EXERCISE DIRECTIONS
Where the listing below reaches the line containing "Продаю двухкомнатную квартиру, 48.2", start writing out lines exactly, and stop once the line containing "Hyundai i30 Kombi 1,5 l 71 kw" has been written.

::::::::::

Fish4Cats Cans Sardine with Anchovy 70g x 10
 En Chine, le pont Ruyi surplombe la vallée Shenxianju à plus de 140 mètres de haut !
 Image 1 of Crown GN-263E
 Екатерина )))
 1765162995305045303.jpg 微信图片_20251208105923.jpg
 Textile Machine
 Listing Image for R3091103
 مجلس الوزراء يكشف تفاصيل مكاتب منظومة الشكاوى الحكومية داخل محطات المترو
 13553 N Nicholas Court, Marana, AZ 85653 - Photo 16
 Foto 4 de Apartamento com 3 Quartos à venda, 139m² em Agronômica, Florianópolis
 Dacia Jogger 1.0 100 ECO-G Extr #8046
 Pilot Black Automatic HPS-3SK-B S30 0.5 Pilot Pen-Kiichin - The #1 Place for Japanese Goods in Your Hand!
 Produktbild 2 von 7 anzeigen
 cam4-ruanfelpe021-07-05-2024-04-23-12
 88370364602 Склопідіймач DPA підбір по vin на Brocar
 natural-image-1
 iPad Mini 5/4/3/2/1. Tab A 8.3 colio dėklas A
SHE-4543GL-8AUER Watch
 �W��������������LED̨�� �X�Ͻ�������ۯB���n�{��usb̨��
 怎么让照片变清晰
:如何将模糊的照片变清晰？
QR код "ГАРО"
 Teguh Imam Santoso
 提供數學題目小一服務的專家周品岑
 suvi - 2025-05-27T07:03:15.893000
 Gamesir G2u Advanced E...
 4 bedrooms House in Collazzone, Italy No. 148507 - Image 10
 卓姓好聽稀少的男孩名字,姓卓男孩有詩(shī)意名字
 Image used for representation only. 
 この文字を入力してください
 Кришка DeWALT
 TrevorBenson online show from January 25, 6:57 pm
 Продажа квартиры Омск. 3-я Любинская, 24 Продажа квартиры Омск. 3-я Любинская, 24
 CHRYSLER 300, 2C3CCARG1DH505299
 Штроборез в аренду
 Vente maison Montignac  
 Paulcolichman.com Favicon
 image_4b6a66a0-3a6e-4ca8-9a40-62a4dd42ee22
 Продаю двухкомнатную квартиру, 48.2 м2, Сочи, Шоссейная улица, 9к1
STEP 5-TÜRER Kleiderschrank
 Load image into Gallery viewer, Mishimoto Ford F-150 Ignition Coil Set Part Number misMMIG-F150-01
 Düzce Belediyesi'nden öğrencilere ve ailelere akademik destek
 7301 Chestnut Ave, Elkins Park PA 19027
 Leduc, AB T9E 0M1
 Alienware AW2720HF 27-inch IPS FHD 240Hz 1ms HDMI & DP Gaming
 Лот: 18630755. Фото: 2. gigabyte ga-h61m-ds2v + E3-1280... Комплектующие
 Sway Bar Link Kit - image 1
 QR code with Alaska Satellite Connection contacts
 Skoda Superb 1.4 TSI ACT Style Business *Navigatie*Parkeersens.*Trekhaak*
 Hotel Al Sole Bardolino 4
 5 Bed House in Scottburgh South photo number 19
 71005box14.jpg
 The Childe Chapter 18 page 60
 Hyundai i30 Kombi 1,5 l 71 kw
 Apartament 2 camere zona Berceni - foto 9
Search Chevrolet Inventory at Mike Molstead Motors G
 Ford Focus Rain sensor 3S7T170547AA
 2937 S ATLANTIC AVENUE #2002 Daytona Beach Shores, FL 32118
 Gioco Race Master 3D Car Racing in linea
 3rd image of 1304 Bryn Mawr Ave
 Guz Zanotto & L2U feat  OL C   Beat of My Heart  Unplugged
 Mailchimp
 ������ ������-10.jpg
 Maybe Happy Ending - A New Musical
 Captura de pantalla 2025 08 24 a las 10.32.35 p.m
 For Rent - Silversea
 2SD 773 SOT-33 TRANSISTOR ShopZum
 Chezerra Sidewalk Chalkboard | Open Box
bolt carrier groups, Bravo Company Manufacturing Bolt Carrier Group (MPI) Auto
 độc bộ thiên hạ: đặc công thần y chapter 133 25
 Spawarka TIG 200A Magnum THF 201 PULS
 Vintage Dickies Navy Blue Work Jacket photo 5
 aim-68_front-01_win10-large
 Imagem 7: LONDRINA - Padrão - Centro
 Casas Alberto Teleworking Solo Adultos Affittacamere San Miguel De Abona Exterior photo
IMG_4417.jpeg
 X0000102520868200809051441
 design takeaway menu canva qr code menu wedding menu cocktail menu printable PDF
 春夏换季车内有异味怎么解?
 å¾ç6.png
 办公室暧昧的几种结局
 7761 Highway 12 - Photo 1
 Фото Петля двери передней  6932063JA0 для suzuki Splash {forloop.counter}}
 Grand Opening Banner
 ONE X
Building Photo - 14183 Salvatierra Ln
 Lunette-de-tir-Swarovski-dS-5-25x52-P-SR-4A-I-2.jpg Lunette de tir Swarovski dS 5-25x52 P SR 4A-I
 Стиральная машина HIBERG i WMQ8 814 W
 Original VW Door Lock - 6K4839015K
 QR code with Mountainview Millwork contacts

::::::::::

OUTPUT
 Продаю двухкомнатную квартиру, 48.2 м2, Сочи, Шоссейная улица, 9к1
STEP 5-TÜRER Kleiderschrank
 Load image into Gallery viewer, Mishimoto Ford F-150 Ignition Coil Set Part Number misMMIG-F150-01
 Düzce Belediyesi'nden öğrencilere ve ailelere akademik destek
 7301 Chestnut Ave, Elkins Park PA 19027
 Leduc, AB T9E 0M1
 Alienware AW2720HF 27-inch IPS FHD 240Hz 1ms HDMI & DP Gaming
 Лот: 18630755. Фото: 2. gigabyte ga-h61m-ds2v + E3-1280... Комплектующие
 Sway Bar Link Kit - image 1
 QR code with Alaska Satellite Connection contacts
 Skoda Superb 1.4 TSI ACT Style Business *Navigatie*Parkeersens.*Trekhaak*
 Hotel Al Sole Bardolino 4
 5 Bed House in Scottburgh South photo number 19
 71005box14.jpg
 The Childe Chapter 18 page 60
 Hyundai i30 Kombi 1,5 l 71 kw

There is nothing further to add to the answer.